Страница 23 из 25
В мае они забронировали гостиницу на острове Бриони у побережья Истрии и взяли билеты на ночной экспресс из Мюнхена до Триеста и далее на местный поезд. Томасу пришелся по душе вышколенный персонал, тяжелая старомодная мебель и церемонные манеры постояльцев, которые не позволяли себе расслабиться даже на маленьком галечном пляже при отеле. Готовили тут в австрийском стиле, а официанты достаточно свободно владели немецким.

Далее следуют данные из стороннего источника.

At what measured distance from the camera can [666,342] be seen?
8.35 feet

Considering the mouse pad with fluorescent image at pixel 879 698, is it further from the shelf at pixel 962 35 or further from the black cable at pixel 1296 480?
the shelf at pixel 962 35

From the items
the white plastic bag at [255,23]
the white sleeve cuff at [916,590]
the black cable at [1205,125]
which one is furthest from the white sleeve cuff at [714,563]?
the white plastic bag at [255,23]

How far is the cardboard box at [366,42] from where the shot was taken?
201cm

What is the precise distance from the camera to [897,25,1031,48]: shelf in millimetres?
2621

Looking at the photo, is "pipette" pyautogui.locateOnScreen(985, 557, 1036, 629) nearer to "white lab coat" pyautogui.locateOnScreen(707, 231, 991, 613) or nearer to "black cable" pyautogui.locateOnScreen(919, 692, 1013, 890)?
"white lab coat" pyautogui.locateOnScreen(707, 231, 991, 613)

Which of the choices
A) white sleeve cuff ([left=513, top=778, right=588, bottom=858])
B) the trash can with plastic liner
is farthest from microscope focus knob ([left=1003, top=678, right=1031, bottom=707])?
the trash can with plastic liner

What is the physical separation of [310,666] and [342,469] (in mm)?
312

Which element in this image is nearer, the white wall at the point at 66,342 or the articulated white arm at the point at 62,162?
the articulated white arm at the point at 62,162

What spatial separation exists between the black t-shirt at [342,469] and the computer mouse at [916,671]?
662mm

Все трое разделяли неприязнь к эрцгерцогине, жившей со свитой в том же отеле. Когда она входила в столовую, предполагалось, что все остальные гости должны встать и усесться не раньше, чем изволит сесть эрцгерцогиня. Никто не должен был покидать столовую до ее ухода, а когда эрцгерцогиня вставала из-за стола, гости снова подскакивали.

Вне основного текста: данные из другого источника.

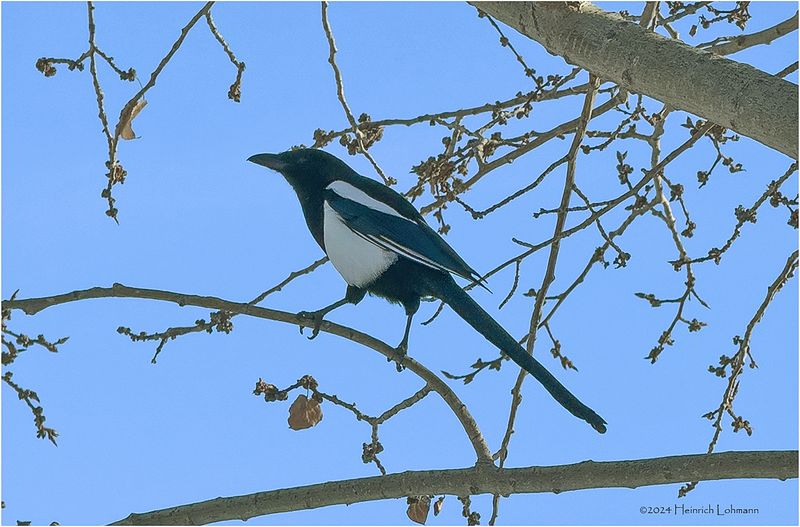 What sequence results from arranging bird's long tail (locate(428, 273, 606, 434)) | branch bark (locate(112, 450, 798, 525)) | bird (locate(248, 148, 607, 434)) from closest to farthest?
1. branch bark (locate(112, 450, 798, 525))
2. bird's long tail (locate(428, 273, 606, 434))
3. bird (locate(248, 148, 607, 434))

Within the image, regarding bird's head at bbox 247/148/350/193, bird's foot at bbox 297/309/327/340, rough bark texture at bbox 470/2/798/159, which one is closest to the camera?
rough bark texture at bbox 470/2/798/159

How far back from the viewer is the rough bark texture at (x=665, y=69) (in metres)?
2.36

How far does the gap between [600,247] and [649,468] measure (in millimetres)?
1353

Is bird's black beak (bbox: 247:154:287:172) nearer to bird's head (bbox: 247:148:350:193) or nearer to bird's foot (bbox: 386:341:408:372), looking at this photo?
bird's head (bbox: 247:148:350:193)

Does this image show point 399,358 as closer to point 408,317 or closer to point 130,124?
point 408,317

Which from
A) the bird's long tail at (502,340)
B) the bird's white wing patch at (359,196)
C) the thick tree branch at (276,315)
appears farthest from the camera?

– Мы гораздо важнее ее, – смеялась Катя.
– В следующий раз я вставать не стану, – говорил Генрих.
Присутствие эрцгерцогини скрепляло их маленькую компанию. Когда Генриху приходило в голову поделиться с ними свежими идеями о том, как пруссакам избавиться от навязчивого беспокойства, они всегда могли обсудить эрцгерцогиню и то, с каким подобострастием приближался к ее столу управляющий, чтобы лично принять заказ, а затем, пятясь, удалиться на кухню.
– Интересно, как она купается, – сказала Катя. – Я была бы не против увидеть, как непочтительно волны обходятся с ее светлостью.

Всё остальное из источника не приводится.